LED-Wall Color Correction — Following the Viewing Angle

LED-Wall Color Correction — Following the Viewing Angle

Measuring why a camera never sees the color an LED wall shows — and building a correction that follows the viewing angle.

TL;DR

In LED virtual production, the color a camera captures off an LED wall drifts depending on the camera's viewing angle. My bachelor thesis builds a matrix-based color correction that accounts for this angle, validated with spectrometer measurements and a Python pipeline.

Overview

My bachelor thesis, supervised by Prof. Dr. Jan Fröhlich at HdM Stuttgart. In LED virtual production, a camera films an LED wall displaying a virtual set — but the captured color drifts from the intended one, and that drift shifts strongly with the camera’s angle.

The Problem

LED panels aren’t Lambertian emitters — their luminance and color output change with viewing angle, which is invisible to the eye on set but shows up as a measurable color error on camera. The thesis reconstructs a matrix-based correction method from the color-science literature and extends it with a viewing-angle-dependent component.

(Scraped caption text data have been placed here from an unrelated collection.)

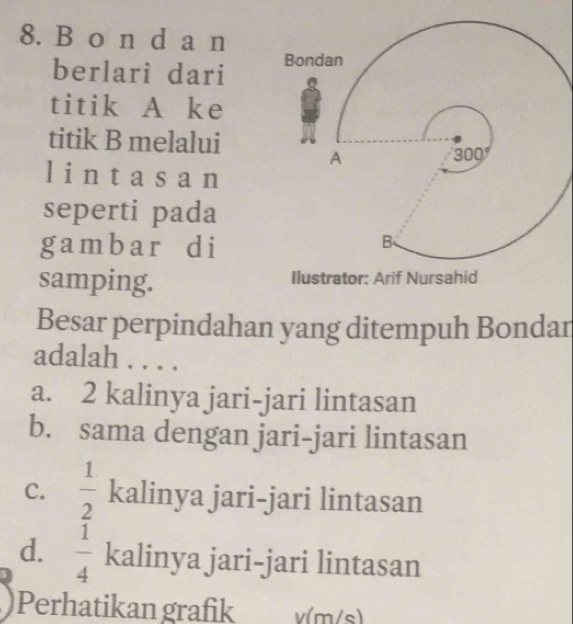 Bào n d a n
berlari dari 
titik A ke
titik B melalui
l in tasa n
seperti pada
gam ba r d i
samping. Ilustrator: Arif Nursahid
Besar perpindahan yang ditempuh Bondar
adalah . . . .
a. 2 kalinya jari-jari lintasan
b. sama dengan jari-jari lintasan
C.  1/2  kalinya jari-jari lintasan
d.  1/4  kalinya jari-jari lintasan
)Perhatikan grafik v(m/s)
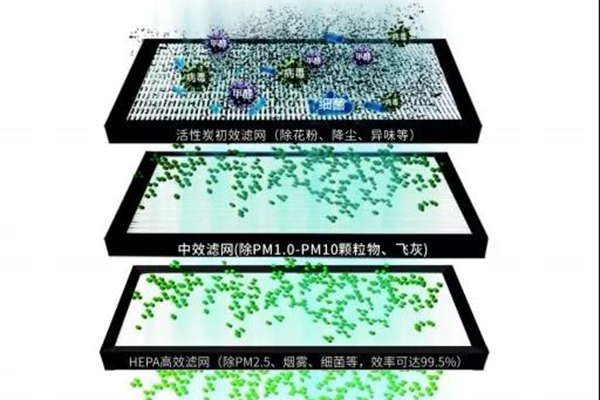 空净产品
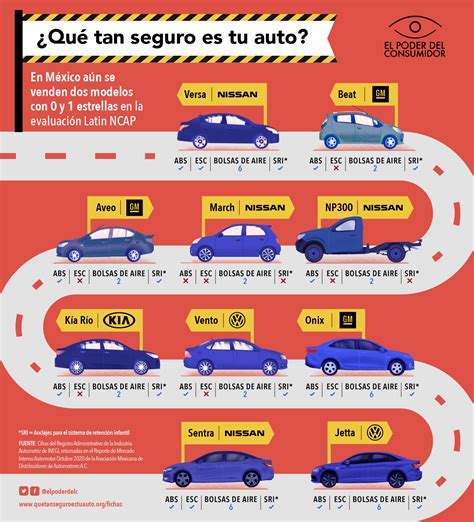 Coste estimado de sustitución del sensor de velocidad en Nissan Sentra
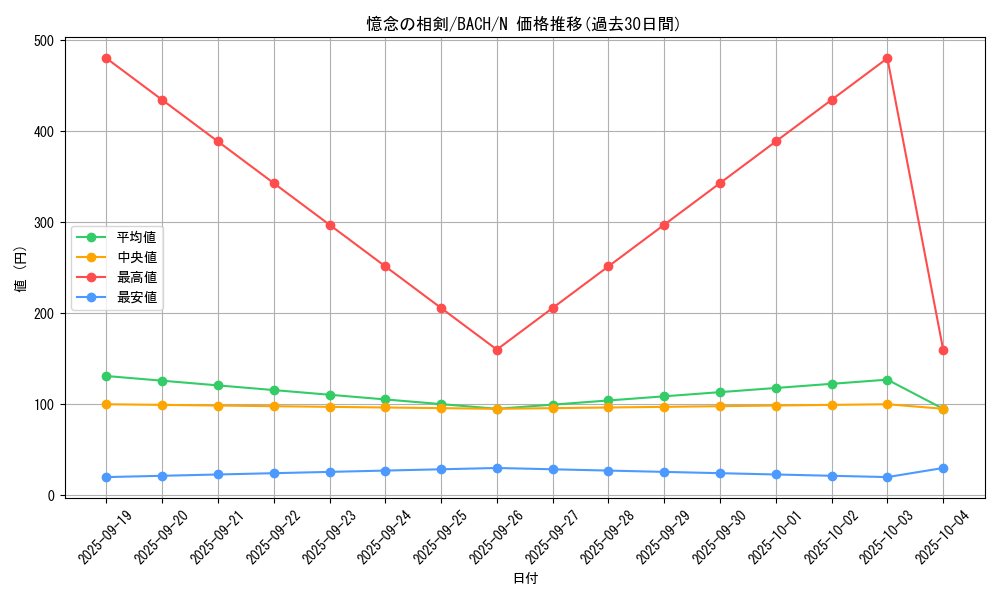 card_2183_series_4777_rarity_1_graph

A gray reference patch at 0° vs. −70° viewing angle — the visible color shift this thesis corrects for.
A gray reference patch at 0° vs. −70° viewing angle — the visible color shift this thesis corrects for.

Measuring the Falloff

Normalized luminance vs. viewing angle — the measurable, asymmetric falloff.
Normalized luminance vs. viewing angle — the measurable, asymmetric falloff.

An LED panel was measured with a spectrometer across viewing angles from −85° to +85° on a turntable, with a Python pipeline computing correction matrices per angle and interpolating between them.

The Result

Tested on red/green/blue reference colors, the correction measurably reduces the color error left by viewing angle alone.